I've been trying to decided if someone did this or if they were born that way. Either way it's terrible.


----------



## tpocicat (Aug 8, 2011)

No dorsal, and the back isn't even straight! I would never by such a malformed fish.


----------



## Leeniex (Aug 14, 2011)

:shock:


----------



## Theraggy1 (Jan 30, 2011)

Oh my gosh, the poor boy is not only crazy deformed, but looks to have had his fin clipped off. :{ poor boy.


----------



## Martinismommy (Dec 2, 2010)

They should be ashamed of for listing such a deformed fish....How sad (


----------



## fishman12 (Sep 1, 2010)

Wow that is terrible. Shame on them.


----------



## AcrimoniousArbiter (Dec 20, 2011)

Well assuming they were born that way, it's not really bad they are trying to find them a nicer home...


----------



## fishman12 (Sep 1, 2010)

No good breeder would breed bettas with bad backs or missing dorsal fins.

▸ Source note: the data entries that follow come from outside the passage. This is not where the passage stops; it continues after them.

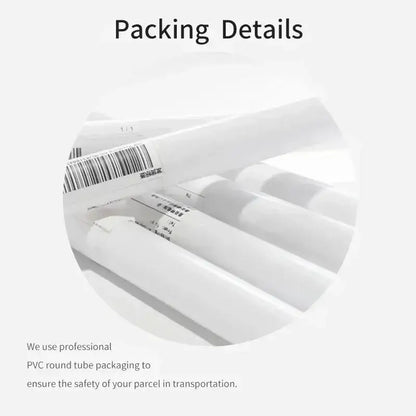 White pvc round tubes with barcode labels for packaging katsushika hokusai blue waves canvas wall art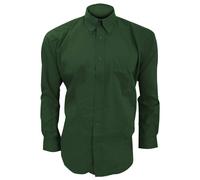 Kustom Kit Men's Long Sleeve Corporate Oxford Shirt in Bottle Green | Size: 16 inches Kustom Kit Bottle Green 16 inches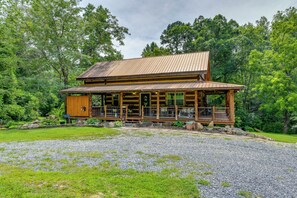 Exterior - Stunning Creekside Cosby Cabin w/ Deck + Fire Pit! (Cosby)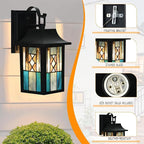 WL0011 Tiffany Style Outdoor Light Fixutres Stained Glass Wall Sconce Exterior Waterproof Wall Lantern Light Fixture for Balcony Aisle Hallway W 7X D 6 x H 12 Inches, Bulb Included (Aurix)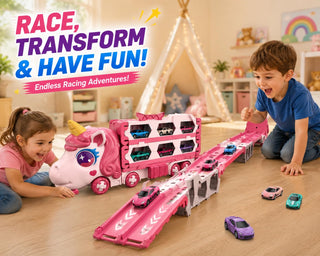 Unicorn Car Carrier Truck Toy with Foldable Race Track & Mini Alloy Cars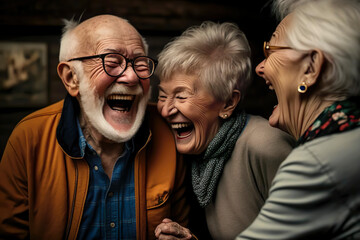 Grandparents having a laugh together-Ai generated image - obrazy, fototapety, plakaty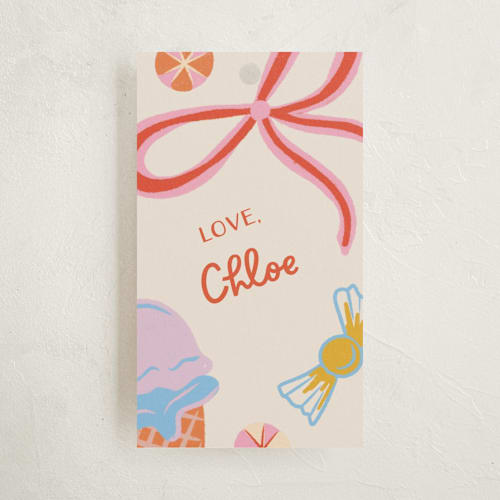 This is a cookie kids gift tags with standard by Lissabeth Anglin called super sweet printing on signature in tag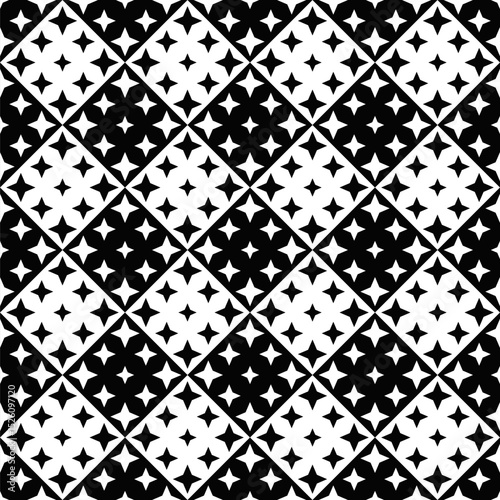 Abstract seamless black and white star pattern background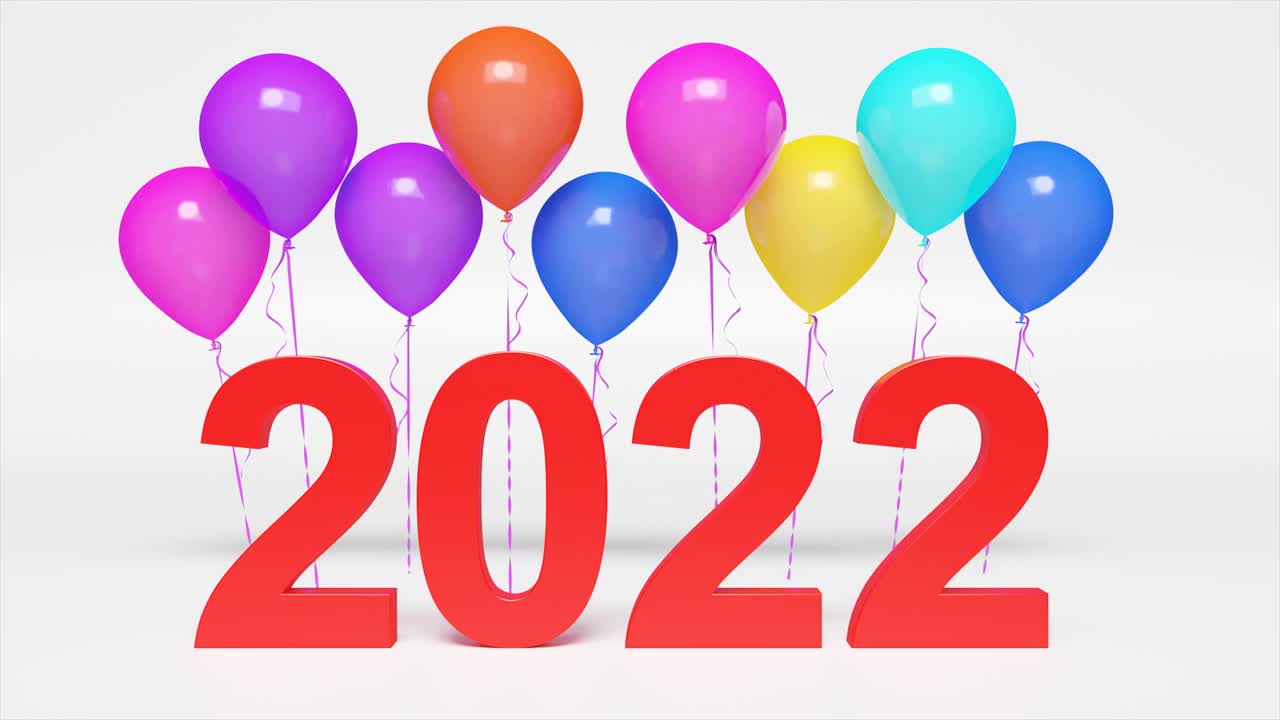 贺岁片。从2022年开始。三维动画视频素材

If they were born that way it makes all the more worse.


----------



## Martinismommy (Dec 2, 2010)

AcrimoniousArbiter said:


> Well assuming they were born that way, it's not really bad they are trying to find them a nicer home...


I doubt they are trying to find a good home at that price......


----------



## blueridge (Jul 1, 2011)

:shock: Now that is just not right!


----------



## BeautifulBetta (Nov 12, 2011)

Ummmm...All I can say is W.T.F. 
And $200?!?! Are you freakin kidding me?


----------



## Olympia (Aug 25, 2011)

I don't think they were snipped either.. the whole back where the dorsal fin is connected would probably have the scales grow back abnormally if it was.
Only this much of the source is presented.